2. Offer Your Resources
Making a journalist's job easier is a surefire way to establish and build an ongoing, mutually beneficial relationship. One way to do so is offering your connections and resources (clients, employees, your network, yourself, etc.) for upcoming stories. You can do this by connecting with the media contact on LinkedIn accompanied by the resources you can offer them, or simply send an email. The difference between sending an email with the resources and value you can offer them versus the usual story pitch. And please, do not blast out 1,000 emails; do your homework and be sure who you're reaching out to is the appropriate person you want to start this relationship with.

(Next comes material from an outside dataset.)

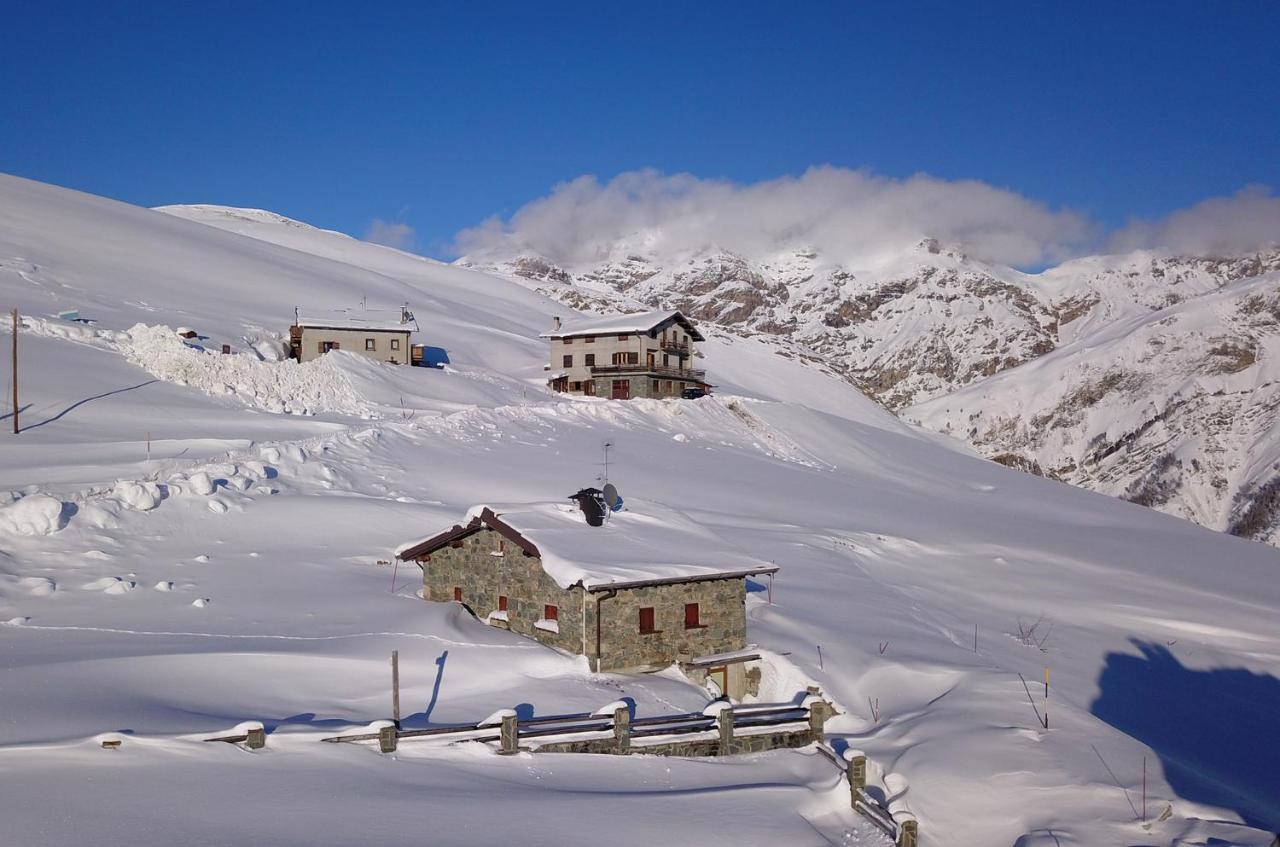 Alpino Lodge Bivio Livigno Exterior photo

3. Let Your Personality Shine
Those who work in the media are people too. Don't' be robotic in your correspondence with them. Check them out on Twitter, compliment their work (if you truly mean it), and show some of your personality, whether it be on Twitter, email, or over the phone. For example, I have a good sense of humor, and there are a few journalists I've established relationships with on Twitter simply because I started responding to their clever and witty Tweets. The most important thing is to be genuine, because it's pretty easy to spot someone who's faking it.
4. Remember Your Manners
Introduce yourself. If this is the first time you're reaching out to this media contact, let them know who you are, what brand you're representing, and what news you plan to share with them in the future; don't blindly pitch! A "thank you" to show gratitude for a journalist including your client in a story should be done every single time. If you've been pitching a source and the journalist doesn't take your offer, oh well. That's unfortunately going to happen. The important thing is to remember they have a job to fulfill, and your resource or other pitch just may not cut it this time.
5. Be Genuine
This should be a given. Media relationships are built on trust, respect, and anticipating their needs. Always be honest. If you can't deliver something, say so. This may seem a bit cliché, but honesty is the best policy when building and nurturing media relationships. Being genuine is perhaps the most important tip when establishing and building media relationships, because chances are your media contact will see right through your façade.